Bir ülkede cehalet arttıkça, hele de “dinci kinci” zihniyetle dinci baskılar artmaya başlar, bu tür saldırılarla karşılaşırız. O zaman İran’daki gibi “saçını başını açtı, şort giydi, mayo giydi” diye saldırılar başlar. Ülkemizde Erzurum gibi tutucu illerde Ramazanda sokakta sigara içiyor diye insanlar saldırıya uğramışlardır. Bir ülkede dini telkin, dincilik arttıkça verilen cezalar, mahkeme kararları yavaş yavaş dinsel hükümleri de kapsamaya başlar. Oysa laik bir devlette evrensel hukuk varken, dini hükümlere göre insanları dışlamak hele suçlamak ve cezalandırmak çağ dışıdır. Neden, çünkü RTE ne demişti, “ dinci ve kinci nesil yaratacağız”; bu zihniyetle devlet yönetilmeye başladı mı artık orada dinsel baskı, bu tür çağ dışılıklar, saldırılar artmaya başlar. Zaten 18 yıllık AKP yönetimi, sürekli dinsel söylem, kural ve uygulamaları ön plana çıkarmakta, fen liselerini kapatarak, imam hatipleri artırmakta, durmadan oraya buraya gerekli gereksiz camiler yapmakta.
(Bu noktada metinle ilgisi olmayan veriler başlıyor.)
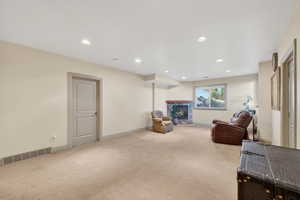 Spacious carpeted room featuring a stone-faced fireplace with a wood mantel, recessed lighting, and a window providing natural light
Laik TC nin Diyanet İşleri Başkanı bile gereksiz zaman ve konularda fetvalarıyla (hukuki konularda bile) toplumu germekte. Böylece dinci iktidar, hukuku ilgilendiren konularda dini kuralları örnekleyen konuşmalar yapmakta. Cumhuriyet tarihinde böylesine diyanetin bütçesi parası bu denli artırılmamıştı. Diyanet İşleri Başkanlığının bütçesini inceleyin, yatırımcı bakanlıkların bütçesinden üç dört kat daha fazla. Oysa çağımızda laik bir devlet dinle, dini kurallarla yönetilemez, çağdaşlaşamaz. Bu tür örneklerle dinsel bağnazlığa ödün verildikçe yavaş yavaş toplum Talibanlaşır, Afganistanlaşır, İranlaşır, çağın gerisine gider.